As requested by my man jim:favorites by genre

Tags: 
  • DRAMA One Flew Over The Cuckoo's Nest
  • ACTION The French Connection
  • COMEDY Dr. Strangelove
  • HORROR The Exorcist
  • THRILLER Dressed To Kill
  • MYSTERY/SUSPENSE Chinatown
  • WAR(WW I) Reds
  • WAR(WW II) Schindlers List/Best Years Of Our Lives
  • WAR(Civil) Glory
  • WAR(Vietnam) Apocalypse Now/The Deer Hunter
  • SCIENCE FICTION 2001: A Space Odyssey
  • WESTERN Unforgiven
  • CRIME (The Godfather I and II
  • FOREIGN Das Boot/Last Year At Marienbad
  • ANIMATED Cinderella
  • MUSICAL Singing In The Rain
  • DOCUMENTARY:The "Up" Documentaries(7 Up/14 Up etc.)/Hoop Dreams

Thoroughly approve of your Comedy, War (Vietnam), Science Fiction, and Western choices.

For me, LAST YEAR AT MARIENBAD is the film I've long wanted to see but never met up with. I've heard both very good and very bad opinions of it.

DRESSED TO KILL is very good, given that it owes a lot to Hitchcock.

Excellent list, thanks! What are the "Up" documentaries? I loved Hoop Dreams, so I was thinking I might add those to my "to see" list.

British director Michael Apted began a project in 1965. The first movie is 7 UP,a documentary that follows a group of seven year old kids, talking of their dreams and goals. Every seven years, Apted made a new documentary over the same kids.This time called 14 UP, when they are all 14. Every 7 years a new documentary is made about the same kids following as they grow up and you see how some dreams came true, and how others fell to the side. The latest was 42 UP, and all of theme are great. 7 UP 14 UP 21 UP 28 UP 35 UP AND 42 UP.iF THERE AVAILABLE IN YOUR AREA, RENT THEM. yOU'LL BE ROCKED.
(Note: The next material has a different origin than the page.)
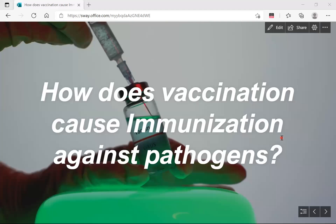Hello everyone, welcome back. Today we are going to discuss a very important topic: how does vaccination cause immunization against pathogens? This topic is so relevant in the context of COVID-19.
Can't say anything bad about a list with Chinatown and The French Connection on it. If pushed, I might have to agree with you about the seventies being the best decade, especially if I could add certain films from '67-'69, which is when the foundation was laid for so many of the great films of that decade...

Johnny Waco

I kinda agree with that. The 70's great moviemaking started in about '66 with "Who's Afraid Of Virginia Woolf?"